_Data for this task_
######
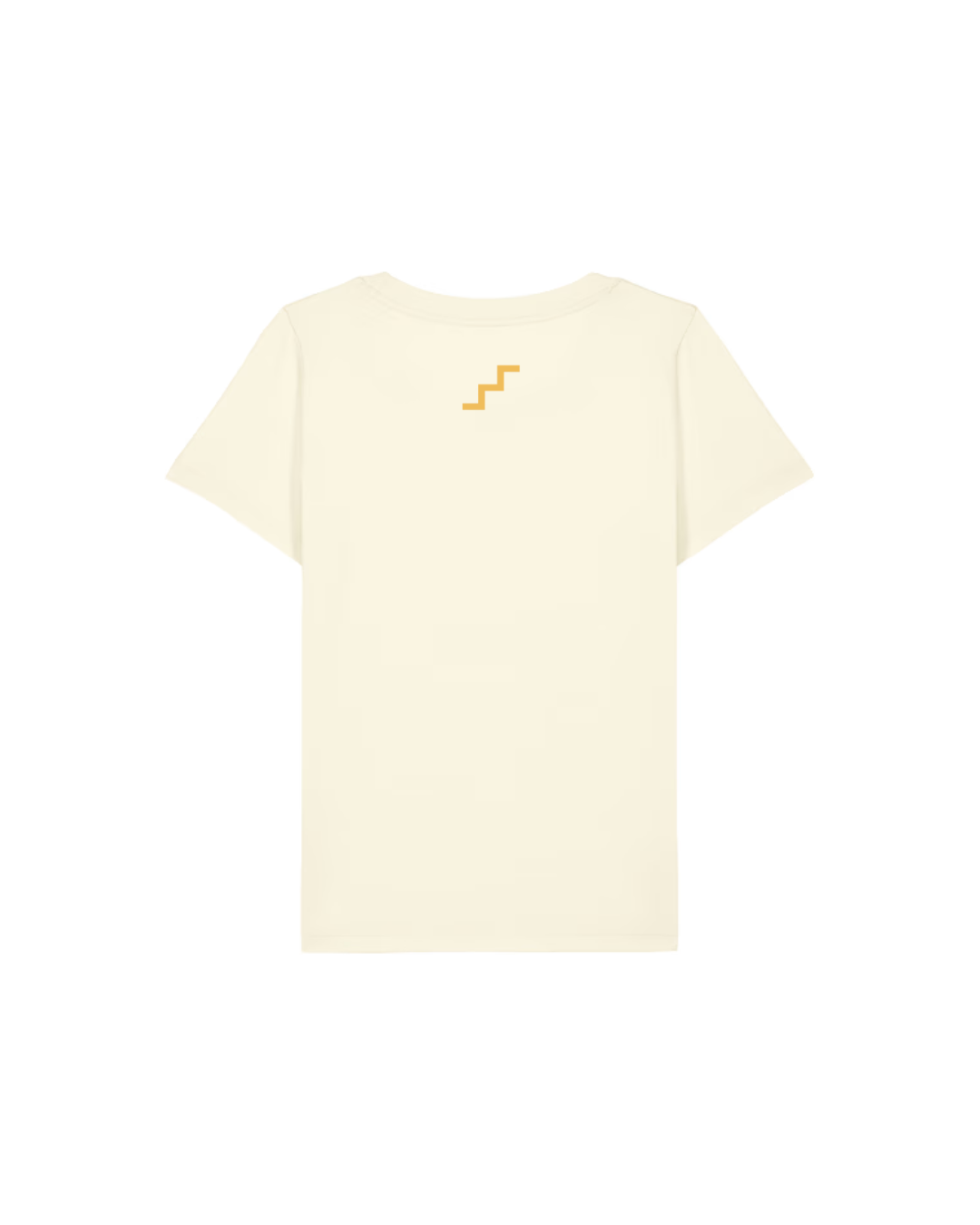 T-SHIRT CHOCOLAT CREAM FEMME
######
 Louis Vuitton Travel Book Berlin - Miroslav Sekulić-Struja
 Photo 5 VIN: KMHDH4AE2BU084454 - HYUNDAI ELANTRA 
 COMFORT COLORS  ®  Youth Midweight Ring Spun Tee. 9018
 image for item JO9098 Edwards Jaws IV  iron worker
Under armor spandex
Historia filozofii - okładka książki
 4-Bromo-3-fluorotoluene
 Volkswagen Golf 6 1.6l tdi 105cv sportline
######
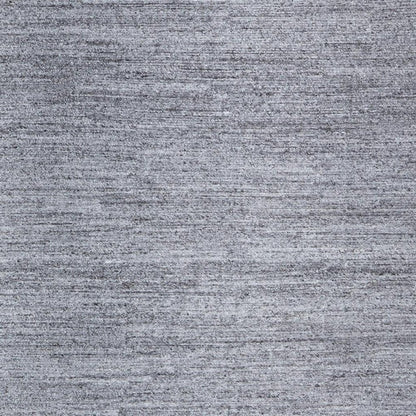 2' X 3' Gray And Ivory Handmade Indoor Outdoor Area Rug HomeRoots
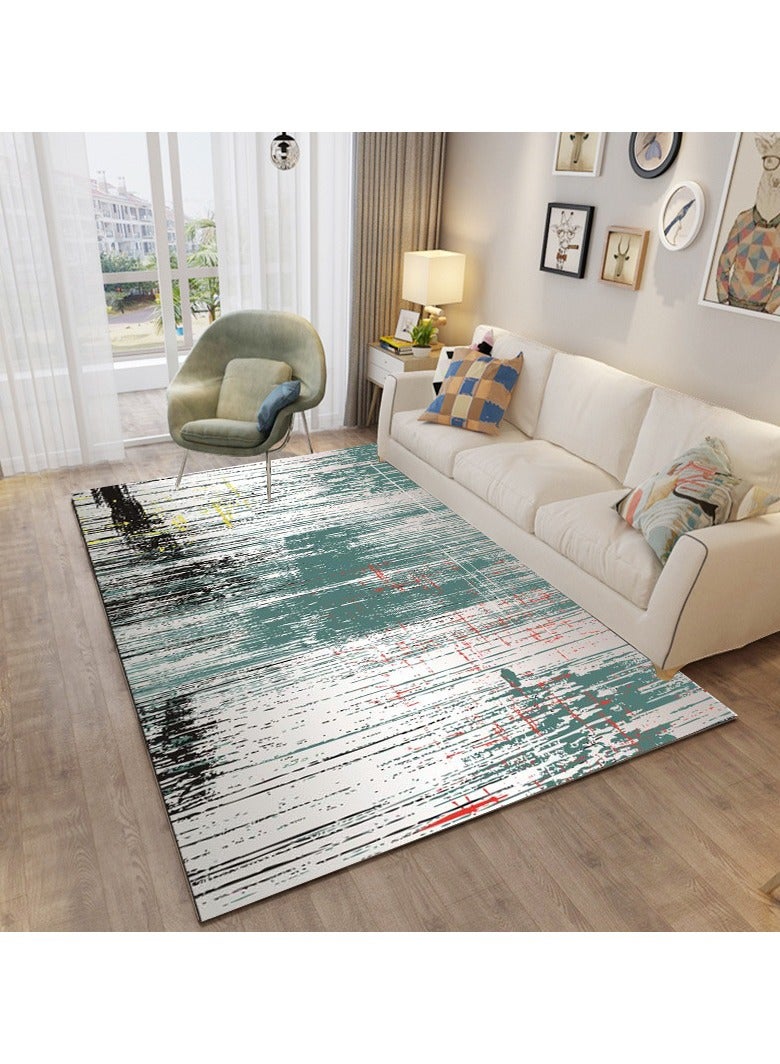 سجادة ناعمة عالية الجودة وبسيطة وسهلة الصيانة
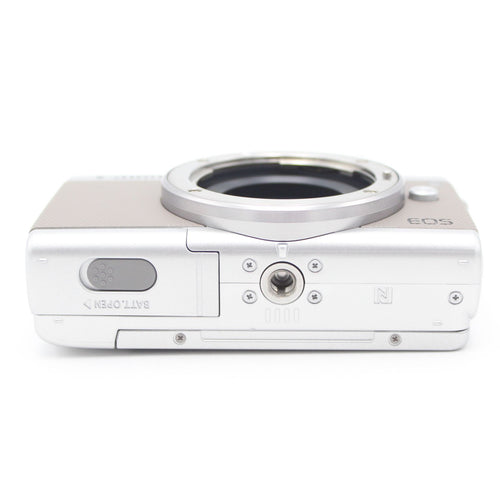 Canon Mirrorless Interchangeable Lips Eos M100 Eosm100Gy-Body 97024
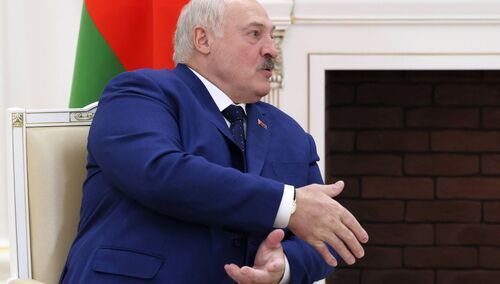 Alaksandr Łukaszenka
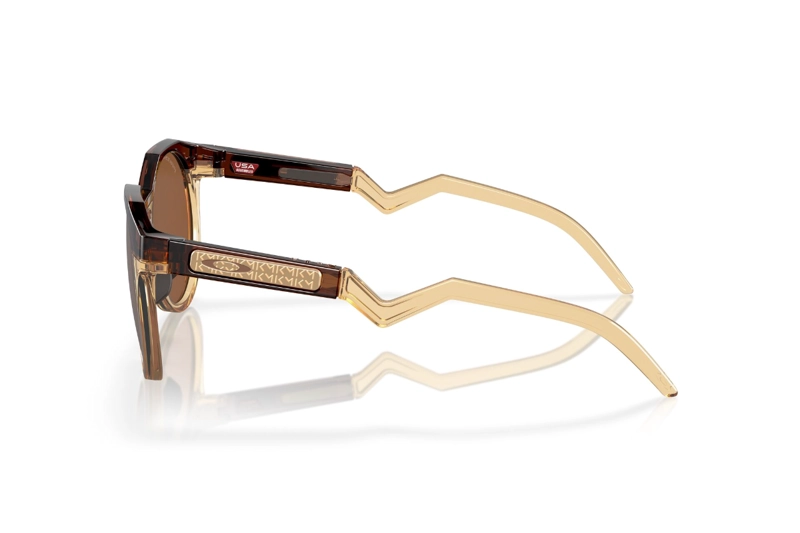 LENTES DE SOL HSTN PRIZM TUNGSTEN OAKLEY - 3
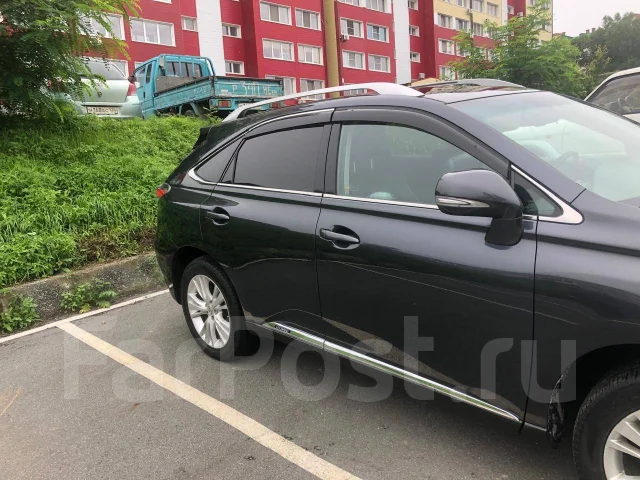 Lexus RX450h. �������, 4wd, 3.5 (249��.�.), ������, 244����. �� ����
######
_What to do_
An exact, complete copy of the lines above from the one with "Spun Tee. 9018" through the one with "Volkswagen Golf 6 1.6l tdi 105cv sportline" is the whole answer.

_Expected answer_
 COMFORT COLORS  ®  Youth Midweight Ring Spun Tee. 9018
 image for item JO9098 Edwards Jaws IV  iron worker
Under armor spandex
Historia filozofii - okładka książki
 4-Bromo-3-fluorotoluene
 Volkswagen Golf 6 1.6l tdi 105cv sportline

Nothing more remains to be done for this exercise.